(Your assignment)
From the line containing "[오늘날씨] 8일 낮" through the end of the entries, please repeat every line exactly and nothing more; the pictures do not belong in the copy.

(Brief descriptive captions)
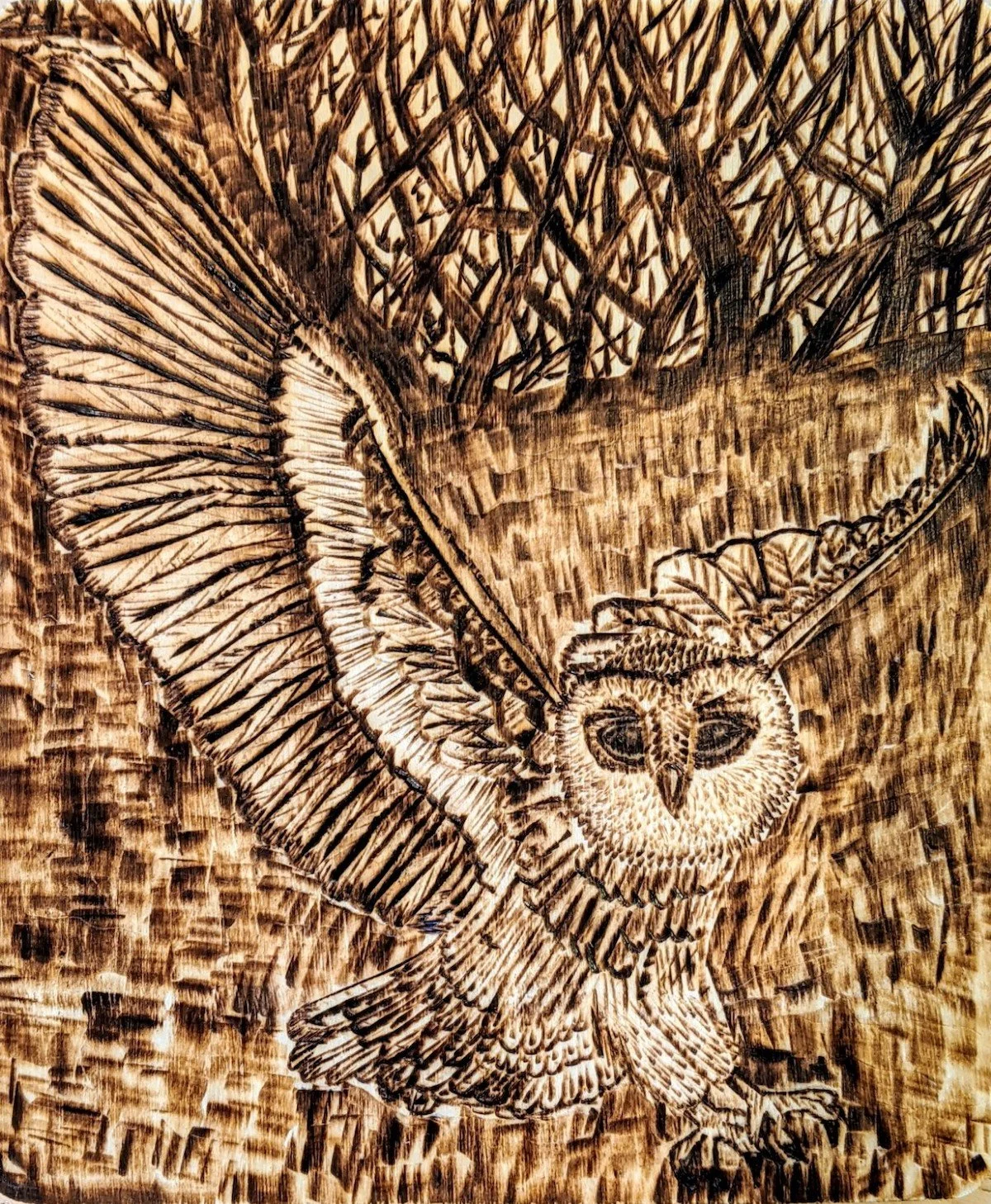 Wood engraving of an owl with detailed feathers, wings spread wide, sitting on a branch.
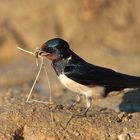 Rauchschwalbe (Hirundo rustica) Copyright Josef Limberger 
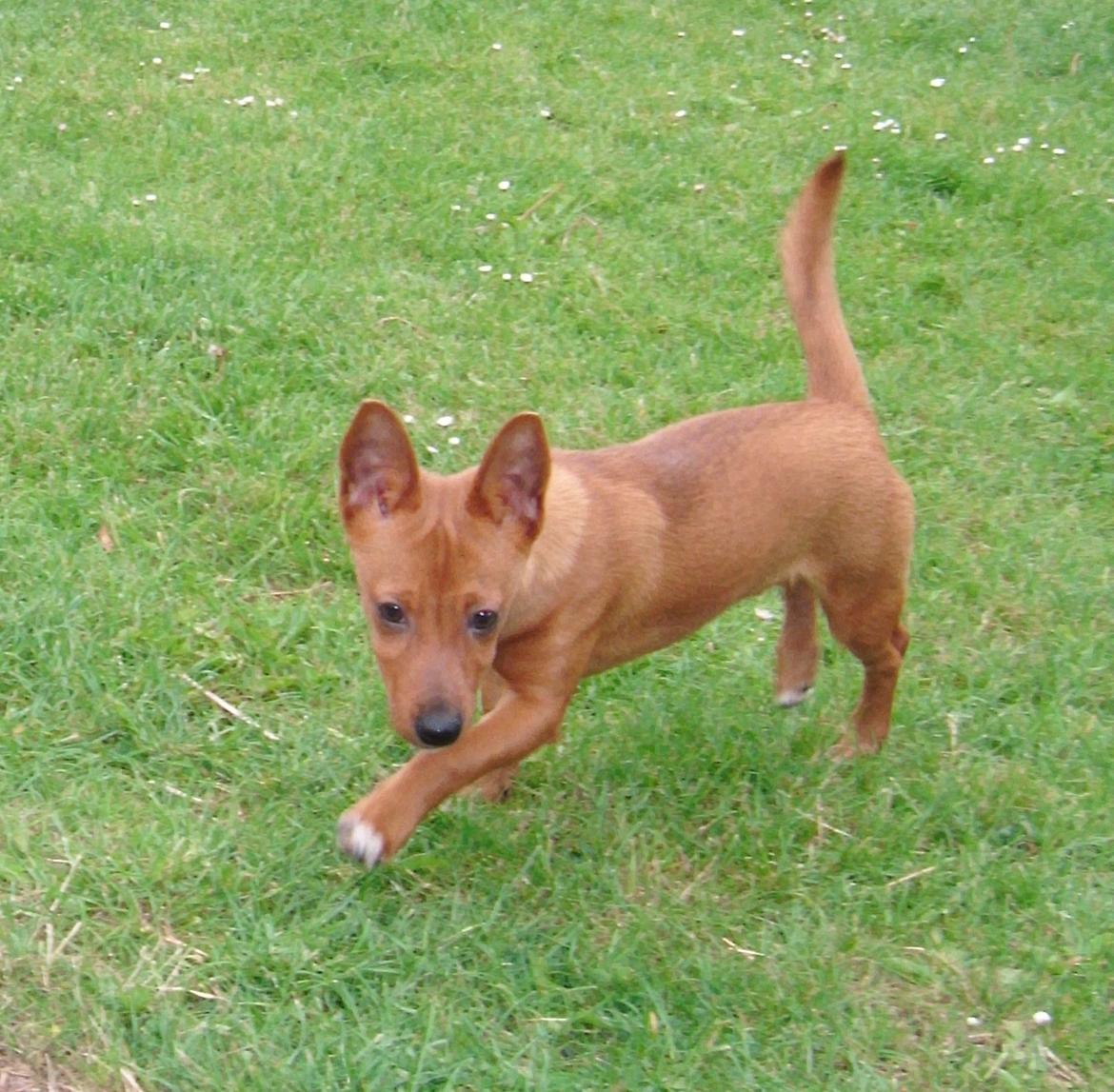 Podengo portugues pequeno Godfried's Caramel Chew Chew - Der skal allerhelst ske en heeeeel masse.... billede 14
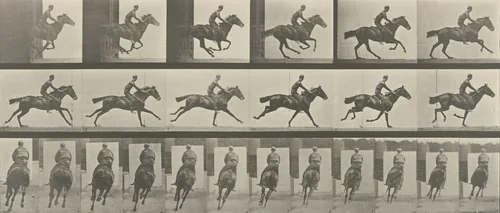 "Bouquet" Galloping, Saddled: Plate 633 from Animal Locomotion (1887) by Eadweard Muybridge, photograph, 1884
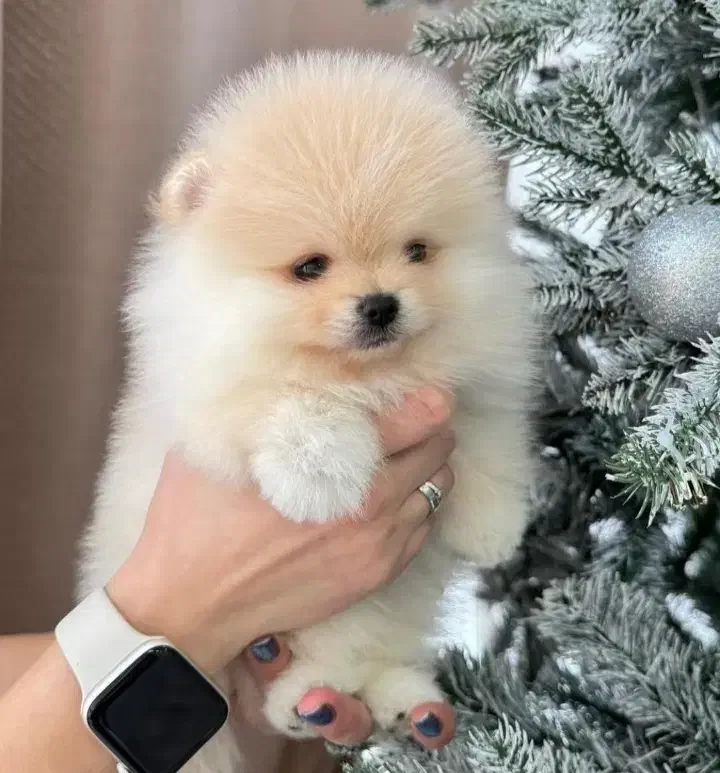 یک به یک خشکل و تو دل برو|سگ|صدرا-فارس, فاز ۱|دیوار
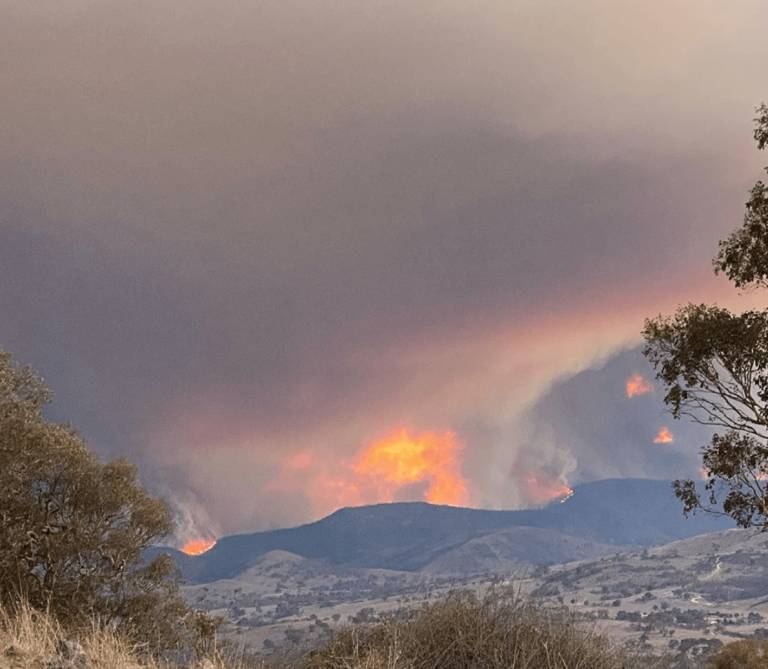 How the bushfires have changed my business goals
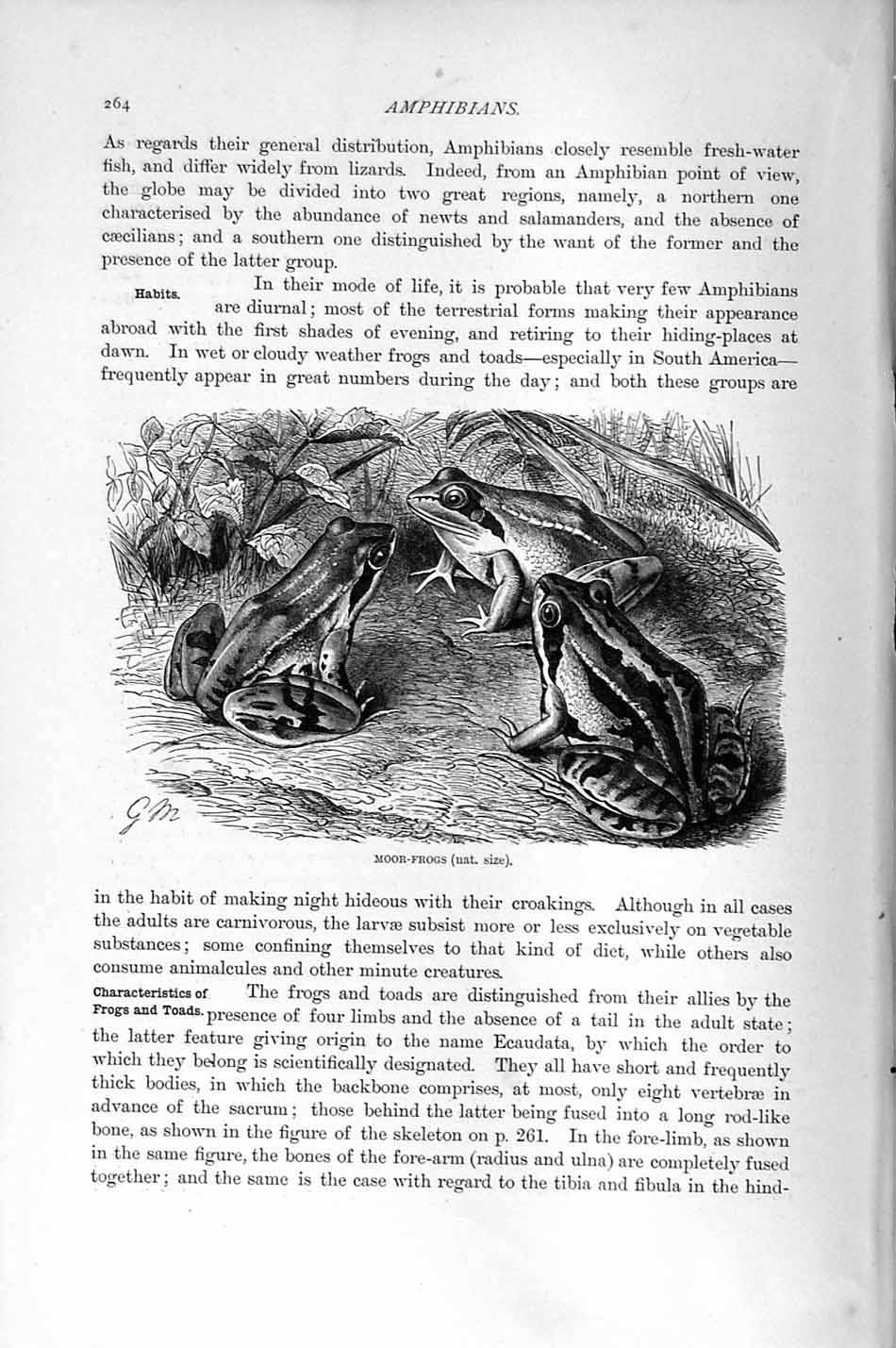 Original Old Antique Print Natural History 1896 Moor Frogs Amphibians Victorian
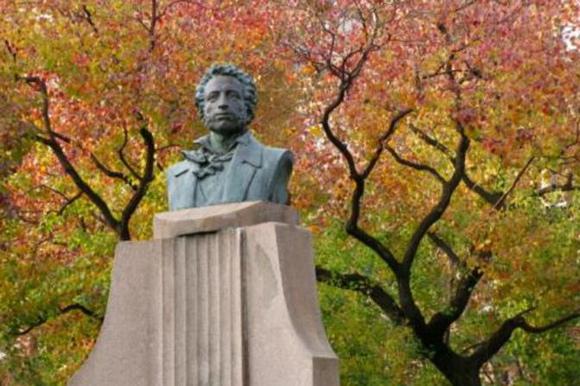 五颜六色的最美季节来啦！申城秋季赏景指南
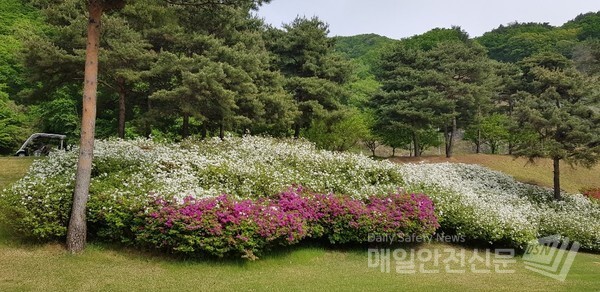 [오늘날씨] 8일 낮 초여름 날씨가 이어질 것으로 보이는 가운데 경기도 한 골프장에 봄꽃이 화사하게 피어 있다.(김혜연 기자)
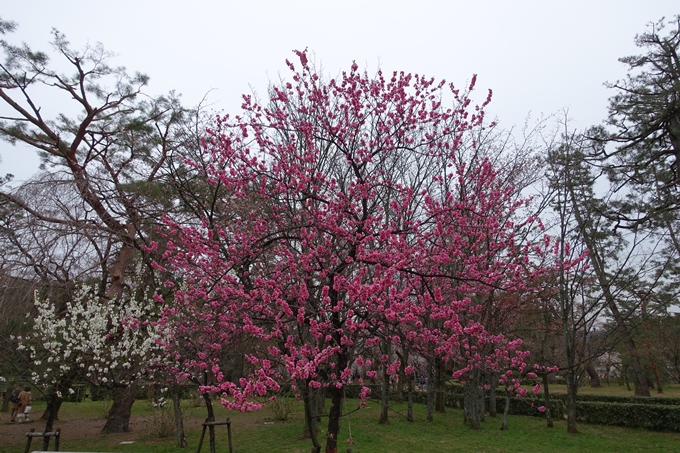 京都桜速報2019_03　No18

(Response to this task)
 [오늘날씨] 8일 낮 초여름 날씨가 이어질 것으로 보이는 가운데 경기도 한 골프장에 봄꽃이 화사하게 피어 있다.(김혜연 기자)
 京都桜速報2019_03　No18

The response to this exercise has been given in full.